The test was first issued this fall, but has been reformulated and re-administered because of cheating allegations levied against Assistant Chief Diane Groomes. MPD has now cleared Groomes of any wrongdoing. Some have found that development curious. Groomes seemed to be apologizing for cheating in an earlier statement: “I’m sorry… for my actions and bad judgement,” she wrote in an e-mail. The chairman of the D.C. Council’s Public Safety and Judiciary Committee, At-Large Councilmember Phil Mendelson,sounded as though he’d learned she’d given out a cheat sheet to help other officers. “She supposedly said: ‘Hey, you have to get this done, you are overdue. Here, here’s the answers. Just get this in,’ ” Mendelson told The Washington Post.

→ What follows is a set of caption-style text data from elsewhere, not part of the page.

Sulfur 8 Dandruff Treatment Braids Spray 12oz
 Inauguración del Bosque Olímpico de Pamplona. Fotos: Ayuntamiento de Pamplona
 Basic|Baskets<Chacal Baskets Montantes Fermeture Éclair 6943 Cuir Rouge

According to Crump, 100 percent of those required to take the test that first go-around passed.
That might seem suspicious, but at the end of an investigation conducted by Internal Affairs, Chief Cathy Lanier announced that a briefly suspended Groomes could go back to her job, citing the fact that the exam was open-book. Police sources have repeated rumors that Groomes divided the test into sections and asked different officers to research each one. Supposedly, when they completed the task, she compiled their work and sent it out via e-mail.
That might or might not be okay, depending on how you interpret “open-book.” But then again, the exam was meant to familiarize officers with intelligence gathering techniques, and also, with how to strike the all-important balance between using those techniques and respecting civil rights. That information can’t be mastered with an answer sheet.
The FBI found itself in a somewhat similar situation in 2009, points out Kris Baumann, the D.C. police union chief, and heads rolled.”What are we saying? That we’re less ethical than the FBI?”
Law enforcement culture might have once taken collective test-taking in stride, but that’s definitely out for MPD. Crump claims test scores haven’t suffered as a result. “91 percent have completed the second comprehensive assessment of the material,” Crump says of the second intelligence-led policing exam. She claims all have passed.